JS: We have a very distributed system of arts support in the country, including strong regional and state partners who ensure the strategic allocation of funds at the local level. At the NEA, we are looking for new ways to create networks and share findings. There are many people who have been doing sophisticated work in this area for a really long time, so we asked ourselves – how we can best support those people and build on top of it? How do we help support the supporters? And how do we help them connect with each other and share experiences? The term we use for this is field-building. How can we help that smart 30 year old who runs a local community development corporation to incorporate artists into their work? Does he know to pick up the phone and call the local cultural council? Does he even know it exists? Does the local cultural council even have the capacity?
JS: Our new Exploring Our Town case study database was our first pass at knowledge sharing. Everyone was asking for this. They want to know what it looks like, how they can do it, and how they can do it right. The case studies can show all of the different steps through the insights pages. This year we created a new fund to specifically support membership organizations in training their members on creative placemaking. ArtPlace also recently dedicated separate funds for field building and will continue its work to strengthen and grow the community of people and organizations working to position art and culture as a core sector of community planning and development. By responding to what is happening in the field, we are able to lay baselines, provide technical assistance, grow strategic partner relations, and strengthen our research and evaluation methods in order to become the preeminent portal for knowledge-sharing across these fields of practice.

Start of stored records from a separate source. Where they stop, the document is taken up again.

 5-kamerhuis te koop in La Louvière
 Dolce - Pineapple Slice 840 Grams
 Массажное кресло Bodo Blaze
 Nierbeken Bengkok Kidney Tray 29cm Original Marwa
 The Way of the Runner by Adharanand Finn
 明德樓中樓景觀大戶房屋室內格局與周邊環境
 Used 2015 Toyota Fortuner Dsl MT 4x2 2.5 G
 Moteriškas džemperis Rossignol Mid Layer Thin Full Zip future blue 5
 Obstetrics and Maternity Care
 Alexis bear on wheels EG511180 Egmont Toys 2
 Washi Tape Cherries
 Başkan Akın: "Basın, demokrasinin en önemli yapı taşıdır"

In addition to our work, we are also witnessing a growing pool of private funders. The Kresge and Surdna Foundations have made a series of important grants to place-based organizations like the Local Initiatives Support Corporation and Community Development Finance Institutions. The Irvine Foundation just released a very interesting series of reports on community engagement. Animating Democracy and Springboard for the Art’s Creative Exchange continue to build out their resources for practitioners. Arts service organizations that have been at the core of working with community, like Alternate Roots, National Performance Network, First People’s Fund and the National Association of Latino Arts and Cultures continue to support artists doing the work on the ground. Americans for the Arts just launched a new (NEA -supported) cultural districts resource. The list goes on and on, and, certainly in this case, more is more.
What challenges have you encountered with the field-building approach?
JS: The biggest challenge is overcoming misperceptions about the value of the arts. My nightmare is when somebody says, “oh that’s our little arts project over there in the corner.” It shouldn’t be an afterthought. It should be designed as part of the plan. Here is our neighborhood, here is our local equitable asset-based neighborhood plan, and here is how the arts are interwoven into that. It isn’t just about housing, transit and environment; it is about building an economic case for community uniqueness, which requires a flourishing arts and culture sector.
Another issue is training. The arts-based approach is not taught in most planning or design schools. It as also not inculcated in the networks of people who do place-based work or commercial revitalization district planning in a smart way. As the head of another federal agency said to me, ‘you guys have to get your stuff into our stuff.’ We have to work together with these agencies and figure out how to do this in a smart way.
How is the NEA facilitating policy integration at the higher levels of governance?
JS: Our Town requires buy-in from the city, town or tribe with a written letter by the mayor and city officials in the applications. The response has been great. In fact, we have more projects than we can fund at this point. Mayors now understand that thriving creative cultures are a powerful strategy for growth and see the tangible long-term economic benefit.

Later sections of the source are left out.